Wednesday, August 13, 2014
The word "metadata" means "data about data". Metadata describes a context for objects of interest such as document files, images, audio and video files. It can also be called resource description. As a tradition, resource description dates back to the earliest archives and library catalogs. The modern "metadata" field that gave rise to Dublin Core and other recent standards emerged with the Web revolution of the mid-1990s.
The Dublin Core Schema is a small set of vocabulary terms that can be used to describe different resources.
Dublin Core Metadata may be used for multiple purposes, from simple resource description, to combining metadata vocabularies of different metadata standards, to providing inter-operability for metadata vocabularies in the Linked data cloud and Semantic web implementations.
"Dublin" refers to Dublin, Ohio, USA where the schema originated during the 1995 invitational OCLC/NCSA Metadata Workshop hosted by the Online Computer Library Center (OCLC), a library consortium based in Dublin, and the National Center for Supercomputing Applications (NCSA). "Core" refers to the metadata terms as broad and generic being usable for describing a wide range of resources. The semantics of Dublin Core were established and are maintained by an international, cross-disciplinary group of professionals from librarianship, computer science, text encoding, museums, and other related fields of scholarship and practice.

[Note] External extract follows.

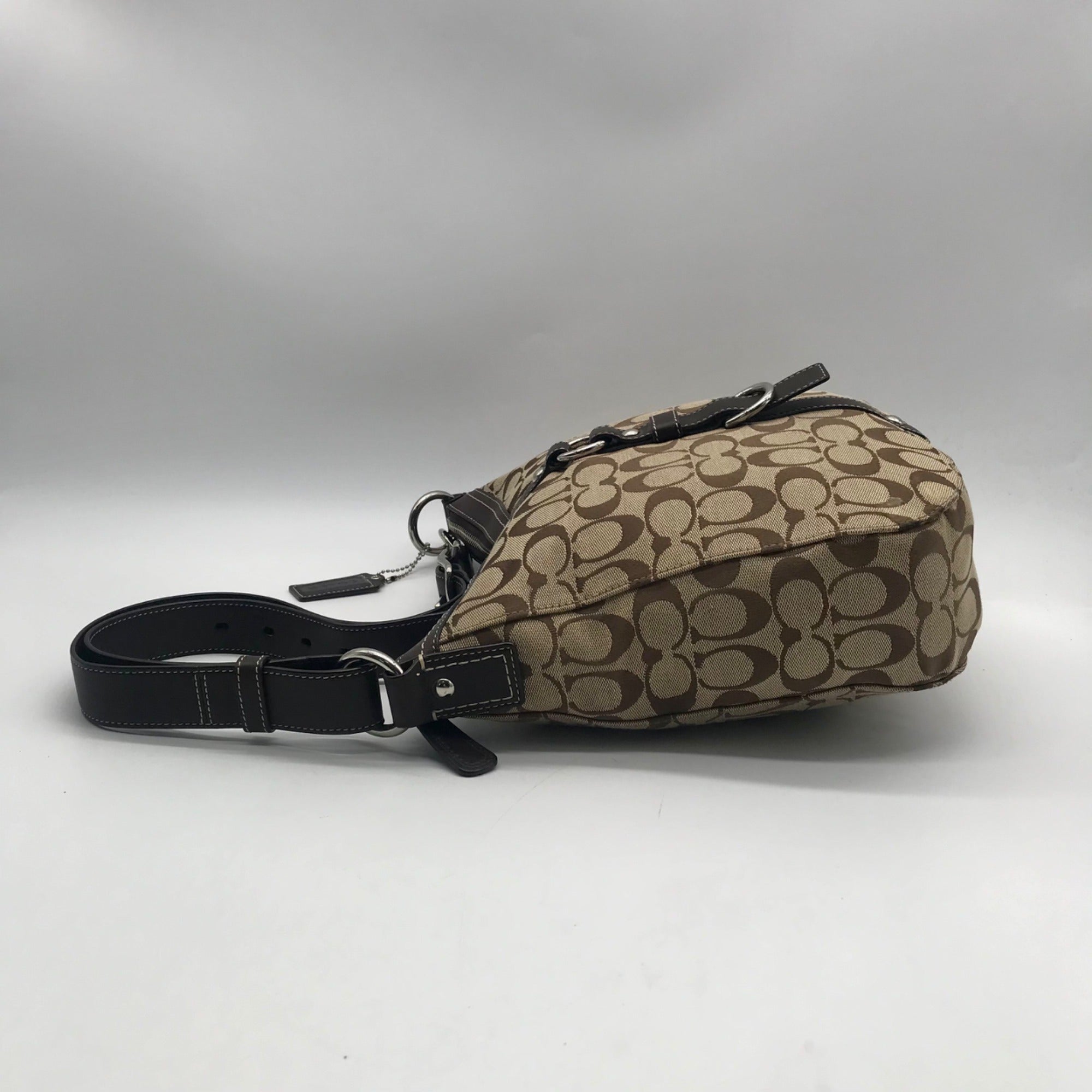 Coach Khaki Jacquard Fabric Crossbody Bag-F14446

The Dublin Core Metadata Initiative (DCMI) provides an open forum for the development of inter-operable online metadata standards for a broad range of purposes and of business models. DCMI's activities include consensus-driven working groups, global conferences and workshops, standards liaison, and educational efforts to promote widespread acceptance of metadata standards and practices.
In 2008, DCMI separated from OCLC and incorporated as an independent entity. Any and all changes that are made to the Dublin Core standard are reviewed by a DCMI Usage Board within the context of a DCMI Namespace Policy. This policy describes how terms are assigned and also sets limits on the amount of editorial changes allowed to the labels, definitions, and usage comments.
Levels of the Standard
The Dublin Core standard originally includes two levels: Simple and Qualified. Simple Dublin Core comprised 15 elements; Qualified Dublin Core included three additional elements (Audience, Provenance and RightsHolder), as well as a group of element refinements (also called qualifiers) that could refine the semantics of the elements in ways that may be useful in resource discovery. Since 2012 the two have been incorporated into the DCMI Metadata Terms as a single set of terms using the Resource Description Framework (RDF).

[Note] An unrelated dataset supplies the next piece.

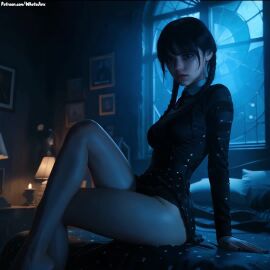 ai_assisted ai_generated animated goth_girl in_bed patreon patreon_username petite petite_female realistic school_girl school_uniform sexy_pose skirt tagme the_addams_family thighs twin_braids university video wednesday_(netflix) wednesday_addams whatajinx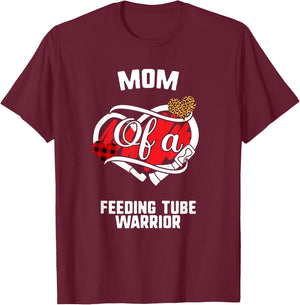 Mom Feeding Tube Awareness Leopard Buffalo Plaid Family Gift T-Shirt - T-Shirt | Maroon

The original Dublin Core Metadata Element Set which is the Simple level consists of 15 metadata elements:
Each Dublin Core element is optional and may be repeated. The DCMI has established standard ways to refine elements and encourage the use of encoding and vocabulary schemes. There is no prescribed order in Dublin Core for presenting or using the elements. The Dublin Core became ISO 15836 standard in 2006 and is used as a base-level data element set for the description of learning resources in the ISO/IEC 19788-2.
Qualified Dublin Core
Subsequent to the specification of the original 15 elements, an ongoing process to develop terms extending or refining the Dublin Core Metadata Element Set (DCMES) began. The additional terms were identified. Elements refinements make the meaning of an element narrower or more specific. A refined element shares the meaning of the unqualified element, but with a more restricted scope.
In addition to element refinements, Qualified Dublin Core includes a set of recommended encoding schemes, designed to aid in the interpretation of an element value. These schemes include controlled vocabularies and formal notations or parsing rules.
Syntax choices for Dublin Core metadata depends on a number of variables, and "one size fits all" forms rarely apply. When considering an appropriate syntax, it is important to note that Dublin Core concepts and semantics are designed to be syntax independent and are equally applicable in a variety of contexts, as long as the metadata is in a form suitable for interpretation both by machines and by human beings.
The Dublin Core Abstract Model provides a reference model against which particular Dublin Core encoding guidelines can be compared, independent of any particular encoding syntax. Such a reference model allows users to gain a better understanding of descriptions they are trying to encode and facilitates the development of better mappings and translations between different syntax.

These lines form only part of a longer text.